The maps also show where agricultural fields have been burnt, destroying crops such as wheat and barley. Orchards and olive groves have also been destroyed by government incendiary weapons. Reuters says that in some areas over 30% of cropland has been destroyed. The result has left the fleeing civilians trapped in Idlib with escalating food prices and little to eat. 76% of the civilians trapped against the border with Turkey are women and children.

Friday, August 23, 2019

Building America's Transcontinental Railway


At the same time as the American railroads were being constructed in the Nineteenth Century the new technology of photography was also being developed. The railroads made good use of this new technology to document and promote their drive to build routes from the east to west coast. Which is why the Library of Congress has been able to combine vintage maps and photographs in this story map exploring the construction of America's transcontinental railroad in the years 1863–69.
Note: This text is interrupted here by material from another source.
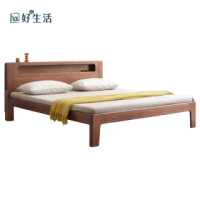 【hoi! 好好生活】預購60日出貨★源氏木語西雅圖橡木多功能夜燈胡桃色單人加大4尺120x200低床架 H90B13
As you progress through the Camera and Locomotive story map you can view the vintage pictures captured by a number of different photographers in the construction of the railroad. A number of different maps are used, including a couple of vintage maps, to show the route that the rail companies used to build a transcontinental railway. On these maps colored markers are used to show the location of the geotagged vintage photos. The colors of these markers reflect the different photographers who captured each picture and you can click on the individual markers to actually view a photograph.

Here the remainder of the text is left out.